どれもが著者によって厳選された感動企業だ。

福島県の陰山建設
郡山のみならず、福島県全域で献血の陰山として有名らしい。
私は郡山には少しだけご縁がある。だが、陰山建設の名前は初めて聞いた。

社屋に隣接した広大な駐車場。ここは普段、広大な空きスペースとして遊んでいる。
ところが年に三日、この駐車場に献血車と献血志望者が集まるという。さらに、そうした人々をもてなすための出店が出されているという。そうした出店は全て、陰山建設の社員の方々が催しているという。当然費用は陰山建設が持っている。無償奉仕だ。
陰山建設の社会貢献に対する姿勢は素晴らしい。
この中で紹介されている跡取りとなった三代目社長の挫折とそこからの頑張り。そして、周りのサポートが受けられるまでに持ち直すストーリーも感動的だ。弊社もそうなるように見習わねば。

東京都の昭和測機
秋葉原にある精密機械のメーカーだ。
開発・営業・製造が三位一体となり、社内で自由なジョブローテーションを組んでいる。社長自らトイレ掃除とタイムカード打刻を率先して行っている。社長も社員と同じ立場との考えには全く同感だし、それを実践していることも素晴らしい。
経営も多品種少量生産を続け、本業と関係のない投資は一切行わない方針を堅持しているそうだ。

やはり、こういう光る部分を持っている企業は強い。本編を読んでいて、同じ技術会社として弊社の強みを生かさなければと強く共感した。

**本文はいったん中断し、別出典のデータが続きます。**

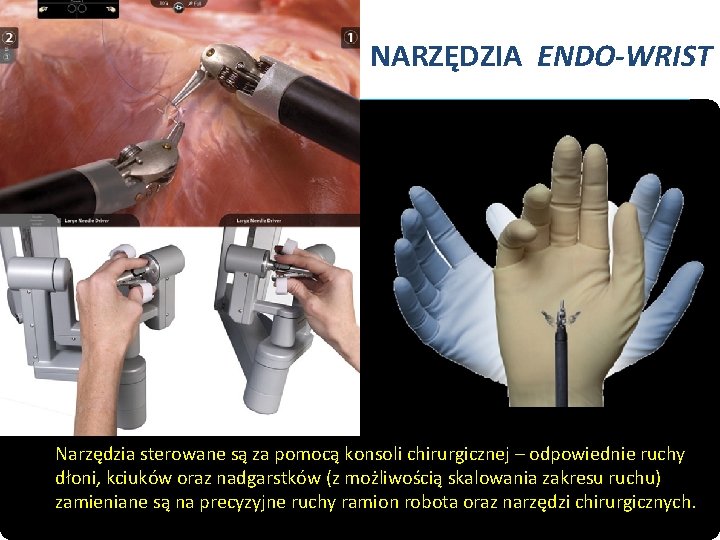 NARZĘDZIA ENDO-WRIST Narzędzia sterowane są za pomocą konsoli chirurgicznej – odpowiednie ruchy dłoni, kciuków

昭和測機が秋葉原にある事は、何か強みになっているのだろうか。
私には、秋葉原の伝統が何かと問われても適切な答えが見つからない。今や秋葉原はサブカルチャーのメッカとなっているからだ。
だが、昭和測機のような企業が秋葉原で頑張っていることは、秋葉原に日本のモノづくりの伝統が色濃く引き継がれている証しなのかもしれない。最近、衰退が叫ばれる技術立国日本の素晴らしさとして特筆すべきだ。モノづくり日本の希望といってもよいかもしれない。
昭和測機さんが理念を継続できるのも、社員の皆さんの風通しが良いだけでなく、社内で作り上げてきた仕組みがうまく回っているからだろう。弊社も切磋琢磨しなければ。

新潟県のフジイコーポレーション
新潟にあるこちらの会社は、除雪機を世界各国に輸出しているという。また、フジイコーポレーションの社員への心配りの細やかさには感動を覚える。亡くなった社員を社員総出で見送るだけでなく、社内の仕組みのあちこちに社員に負担をかけないための配慮がなされている。

メンバーを愛し、大切にする。それを口にするのは簡単だ。だが、その実践となると難しい。どこまでが正しいのか、私はまだ確信を持っていない。良かれと思ったことが伝わらなかった痛手も記憶に新しいからだ。だが、どのようになろうとも、まず社員を大切に思う気持ちだけは持ちたいと思う。

静岡県のNPO法人六星・ウイズ
創業者の斯波氏は、あのHONDAを創業した本田宗一郎氏と同じ会社で、しかもHONDAの創設メンバーの一人だったという。だが、斯波氏はある日、本田宗一郎と一緒に泊まった宿で視覚障害者の方から杖のことで相談を受けた。その時、視覚障害者の苦労とそれを助ける事業にやりがいを感じた斯波氏は、本田氏と違う道を歩み、視覚障害者向けの事業に奔走する。

今では斯波氏から事業を引き継いだ二代目の社長さんが運営しているが、その姿に営利の目的は感じられない。
視覚障害者といってもいろいろいる。障害者の皆さんにとって何がつらいか。それは、勉強しても仕事の機会が与えられないことだそうだ。
たしかに私が自分の目が見えなくなったと想像してみよう。仕事はほぼできなくなるだろう。さらにほとんどの娯楽が奪われてしまう。この上、仕事したいと望んでも、その機会すら奪われたら、生活に希望がなくなってしまうに違いない。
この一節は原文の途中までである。